All representations of God’s creation were drawn to the Christ child – and all who came were blessed and transformed by the precious gift. Some two thousand years later, people still flock to church where the story is re-told, the light shines and the celestial voices are honored. They come because they want to be transformed and blessed.
This past September 11, I went to the center of Newark – to Penn Station, to offer blessings on the anniversary of our national tragedy. The sounds from above were announcements of arrivals and departures, which were hardly angelic. People were drawn to the train they were trying to catch, or the office they were trying to get to. Every third person was consulting a light from their smartphone. And yet in spite of the early morning chaos, I could see and feel God working -- the divine Spirit drawing people together as a human family. The many people who came for a blessing could see and feel God’s presence as well. God is always at work.
There was also a lot that was driving people apart. The franticness of schedule, the self-absorbed and siloed commuters – not to mention a policeman in the concourse who had an AK47 draped over his shoulder (it was, after all, September 11).
There is much in the world that is driving people apart.
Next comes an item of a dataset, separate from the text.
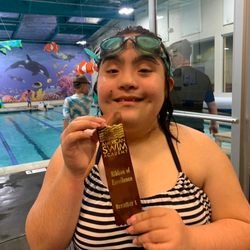 American Swim Academy - Karen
ISIS, Ebola, the slaughter of innocents in a school in Pakistan, grand jury rulings in this country that yet again expose a culture that has much more work to do in order to achieve racial equality. And on and on and on.
The light shines in the darkness, and the darkness has not overcome it (John 1:5). That divine light is always drawing us in. Binding us together and setting us free. May you see that light this Christmas – in the manger, on a Christmas tree, on a bus or in a car, at the mall, at the breakfast table – and be blessed and transformed by its presence.